### INSTRUCTIONS TO FOLLOW
Please restate word for word the lines from the top of the entries through the line that contains "Delicious homemade cake", and do not include any pictures.

### GIVEN INFORMATION
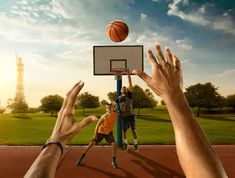 several people reaching for a basketball on a court with the sun setting in the background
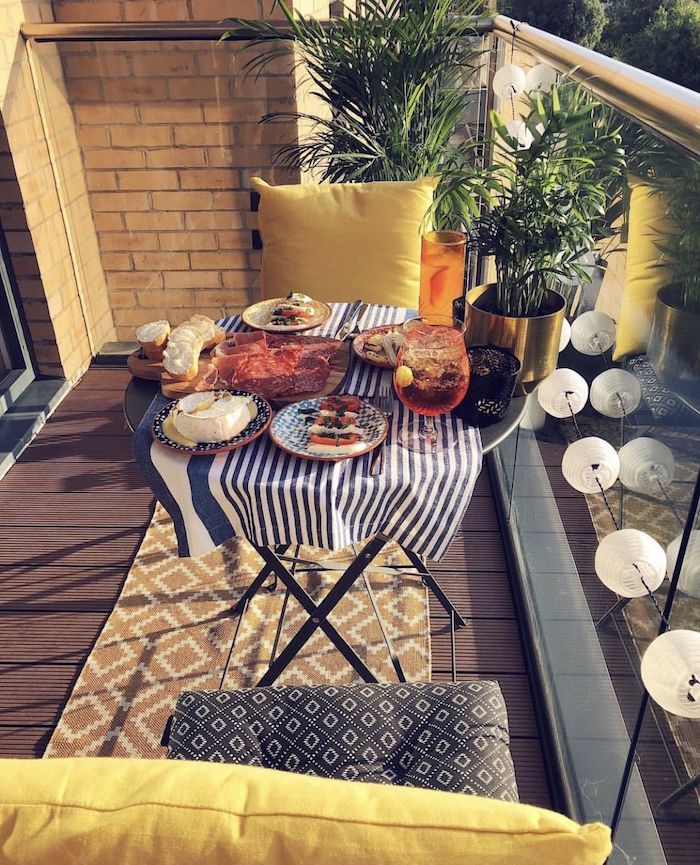 petit dejeuner servir sur le balcon, chaises rangées autour d une table ronde, tapis jaune, garde corps en verre, guirlande boule, plantes exotiques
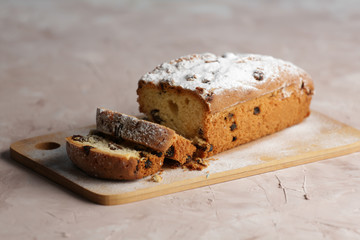 Delicious homemade cake with raisins on a light wooden background. close-up. rustic. copy space.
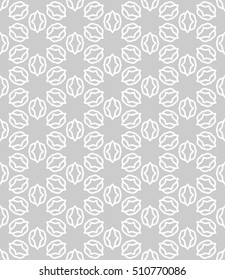 Seamless geometric line pattern in arabian style, ethnic ornament. Endless hexagonal texture for wallpaper, banners, invitation cards. Gray and white graphic lace background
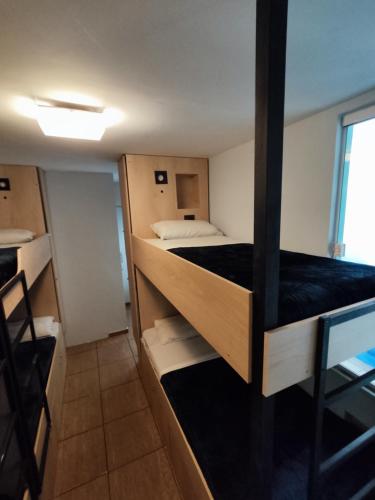a small room with a bed and a window at Mango Tree Ipanema in Rio de Janeiro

### ANSWER AREA
 several people reaching for a basketball on a court with the sun setting in the background
 petit dejeuner servir sur le balcon, chaises rangées autour d une table ronde, tapis jaune, garde corps en verre, guirlande boule, plantes exotiques
 Delicious homemade cake with raisins on a light wooden background. close-up. rustic. copy space.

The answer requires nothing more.